[Dataset excerpts]
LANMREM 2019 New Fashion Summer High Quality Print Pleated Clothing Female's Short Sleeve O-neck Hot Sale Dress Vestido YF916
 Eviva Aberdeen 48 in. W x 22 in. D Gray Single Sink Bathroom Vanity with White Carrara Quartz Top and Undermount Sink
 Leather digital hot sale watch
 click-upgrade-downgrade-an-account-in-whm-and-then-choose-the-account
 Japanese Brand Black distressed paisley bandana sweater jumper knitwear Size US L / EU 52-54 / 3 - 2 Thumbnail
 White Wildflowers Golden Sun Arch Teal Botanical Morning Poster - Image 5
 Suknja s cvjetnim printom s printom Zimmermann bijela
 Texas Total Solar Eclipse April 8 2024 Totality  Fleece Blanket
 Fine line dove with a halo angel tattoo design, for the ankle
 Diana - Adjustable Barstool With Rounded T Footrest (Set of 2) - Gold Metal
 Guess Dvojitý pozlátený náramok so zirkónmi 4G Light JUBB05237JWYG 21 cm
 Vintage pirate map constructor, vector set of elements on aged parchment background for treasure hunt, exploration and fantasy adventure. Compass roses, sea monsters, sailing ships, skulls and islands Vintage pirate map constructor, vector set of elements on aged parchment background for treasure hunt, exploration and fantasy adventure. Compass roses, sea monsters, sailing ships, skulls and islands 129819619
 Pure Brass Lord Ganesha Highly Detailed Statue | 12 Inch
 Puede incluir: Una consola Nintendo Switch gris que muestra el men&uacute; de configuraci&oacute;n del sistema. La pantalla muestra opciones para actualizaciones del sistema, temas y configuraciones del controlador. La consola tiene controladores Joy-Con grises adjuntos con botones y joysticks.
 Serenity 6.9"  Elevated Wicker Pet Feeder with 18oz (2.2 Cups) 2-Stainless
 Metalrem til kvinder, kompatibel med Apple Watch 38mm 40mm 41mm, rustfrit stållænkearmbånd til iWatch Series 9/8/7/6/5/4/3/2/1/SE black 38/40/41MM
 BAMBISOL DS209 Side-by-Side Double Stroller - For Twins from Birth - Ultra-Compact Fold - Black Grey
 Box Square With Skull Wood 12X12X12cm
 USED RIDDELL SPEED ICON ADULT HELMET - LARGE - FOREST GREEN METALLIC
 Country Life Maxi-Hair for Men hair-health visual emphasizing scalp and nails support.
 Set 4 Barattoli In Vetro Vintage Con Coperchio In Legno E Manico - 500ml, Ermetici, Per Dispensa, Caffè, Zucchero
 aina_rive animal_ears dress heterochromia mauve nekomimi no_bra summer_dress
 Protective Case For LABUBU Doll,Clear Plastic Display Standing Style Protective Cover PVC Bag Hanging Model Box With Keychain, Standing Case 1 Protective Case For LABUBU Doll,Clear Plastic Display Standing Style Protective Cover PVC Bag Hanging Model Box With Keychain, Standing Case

● **TASK INSTRUCTIONS**
Will you return exactly the lines above from the one with "BAMBISOL DS209 Side-by-Side" down to the one with "Country Life Maxi-Hair", counting both as part of the range?

● **OUTPUT OF THE TASK**
 BAMBISOL DS209 Side-by-Side Double Stroller - For Twins from Birth - Ultra-Compact Fold - Black Grey
 Box Square With Skull Wood 12X12X12cm
 USED RIDDELL SPEED ICON ADULT HELMET - LARGE - FOREST GREEN METALLIC
 Country Life Maxi-Hair for Men hair-health visual emphasizing scalp and nails support.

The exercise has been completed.